Police in Surrey are investigating the role that suspected local computer hackers may have played in orchestrating attacks on popular IRC (Internet Relay Chat) servers in Europe and the US in recent months.
UK police say they have succeeded in "disrupting" much of the activity in the UK. The investigation has been conducted in cooperation with investigators in other Europe nations and the US.
Detective Constable Richard Brownhall of Surrey police says that numerous servers hosting IRC channels have become the focus of distributed denial of service (DDoS) attacks apparently in retribution after hackers were removed from certain channels for promoting illegal activity. Brownhall says that the investigation is ongoing and UK police are continuing to cooperate with their opposite numbers abroad.
According to Temporary Detective Inspector Simon Lambert, the police have succeeded in disrupting much of this activity.
Two major IRC channel networks in particular, Undernet and EFnet, have come under attack in recent months. This has affected servers based in the UK, the US and elsewhere in Europe. The attack involves taking over numerous machines -- often located in different countries -- in order to bombard a server with an avalanche of fake information, rendering it inoperable.
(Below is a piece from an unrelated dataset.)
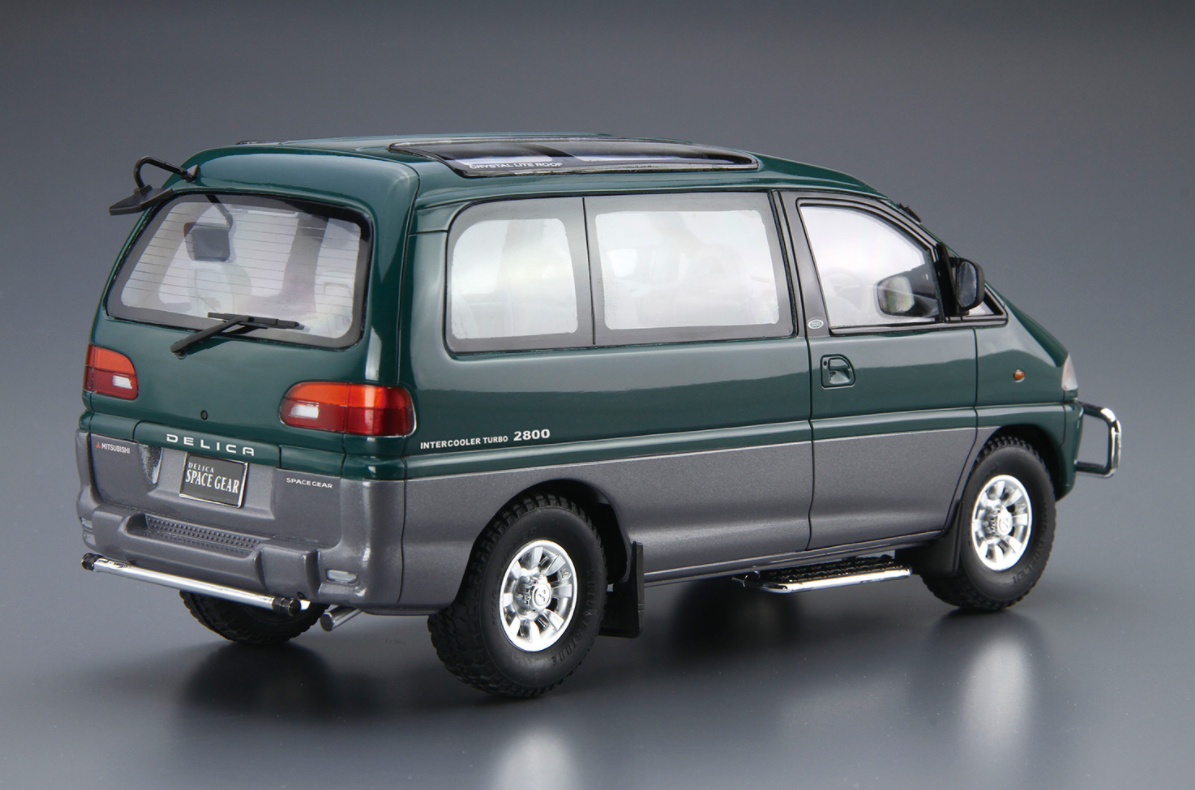 06140 Mitsubishi Delica Space Gear '96 Aoshima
It is particularly hard to combat.
Philippe Bourcier, of CyberAbuse.org -- an independent organisation that monitors antisocial activity online -- says that some of the attacks have ceased and says it is good that the authorities are taking them seriously.
Bourcier, whose own servers were recently targeted by a hacker in Romania as part of a dispute earlier this month, says that the FBI has worked with the police in Romania to resolve the situation.
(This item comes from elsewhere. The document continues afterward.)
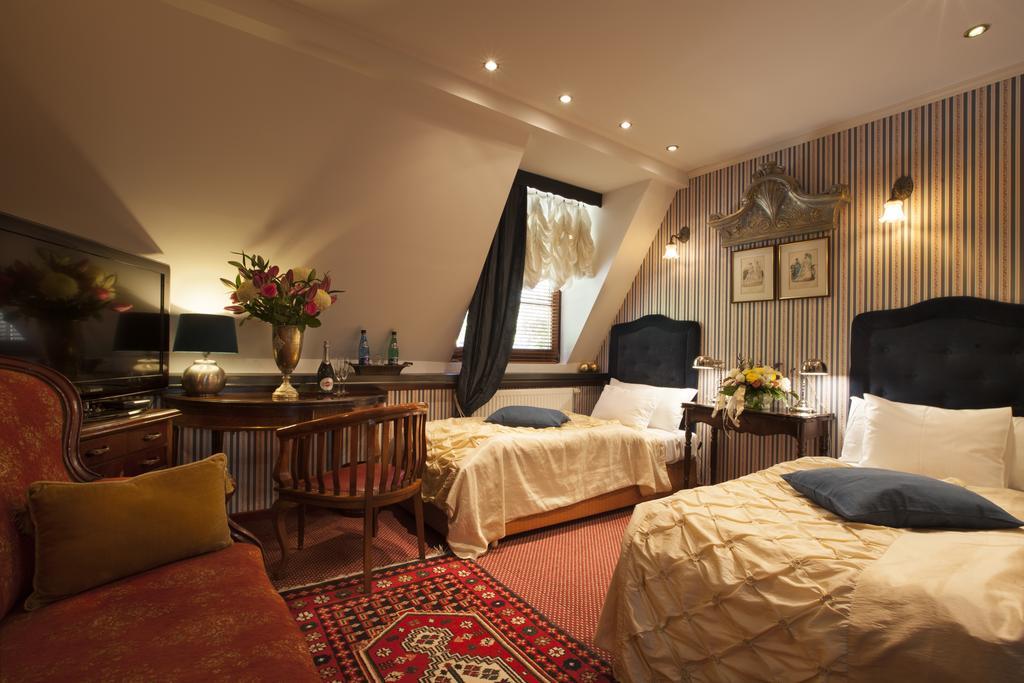 Dwor Giemzow Hotel - Autostrada A1 Lodz  Ngoại thất bức ảnh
"It's encouraging that the UK police are investigating them," he says. "People need to be more conscious that what happened to us could also happen to their business. Kiddies sometimes don't need more reason than 'fun' or 'boredom' to start their attacks."
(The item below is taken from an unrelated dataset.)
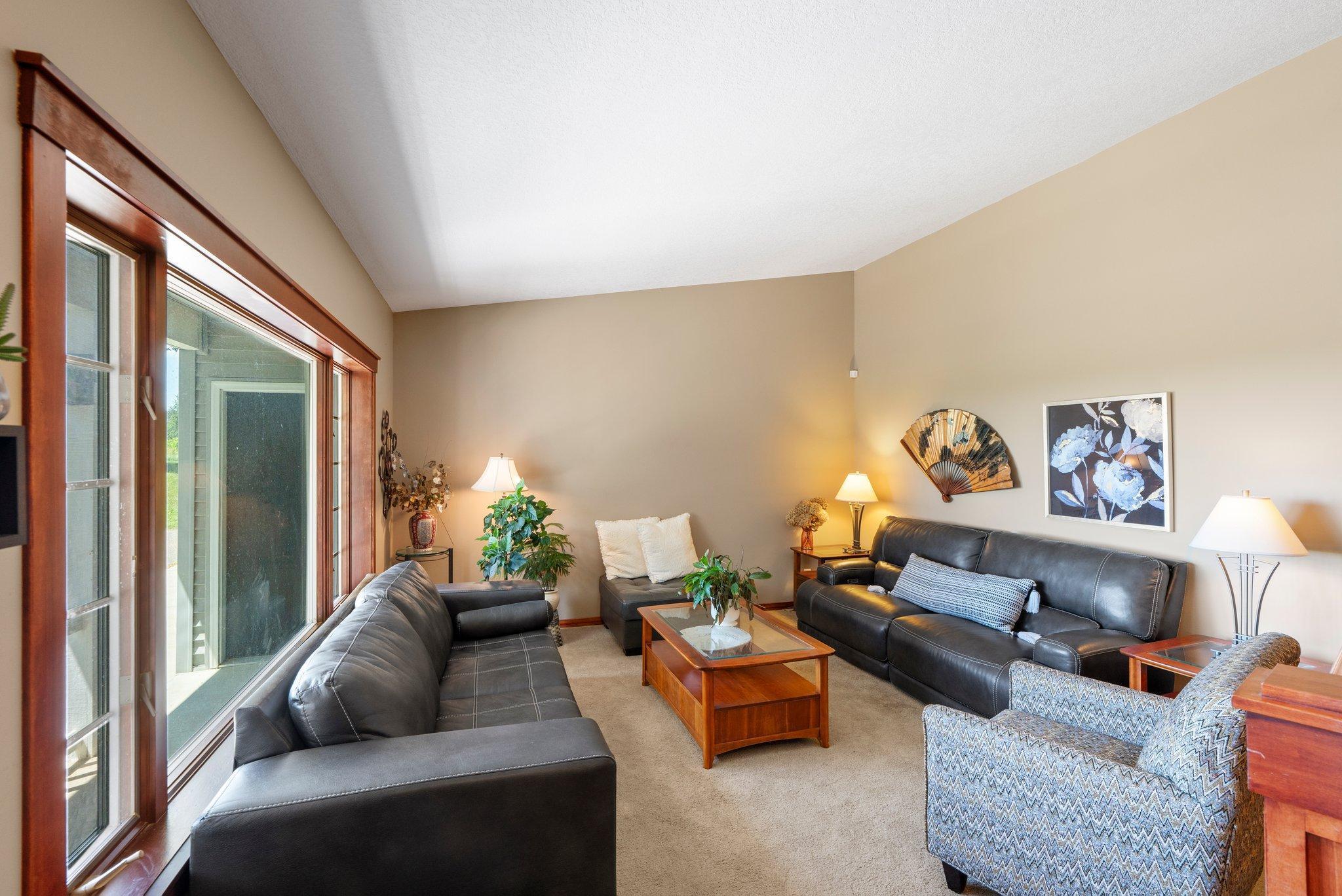 11512 Dale Road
The distributed nature of the Internet means that cooperation between international law enforcement agencies has become an increasingly important part of computer crime investigations. According to UK police, international cooperation is vital to their ongoing work.
Lambert says that this cooperative effort has been very successful. "Although there are moves afoot, an ongoing process within Europe and the G8 countries, there need to be ways in which we can each share information on suspects and deal with them more quickly and effectively in their own countries, rather than seeking to prosecute each other's nationals for offences committed overseas," Lambert told ZDNet.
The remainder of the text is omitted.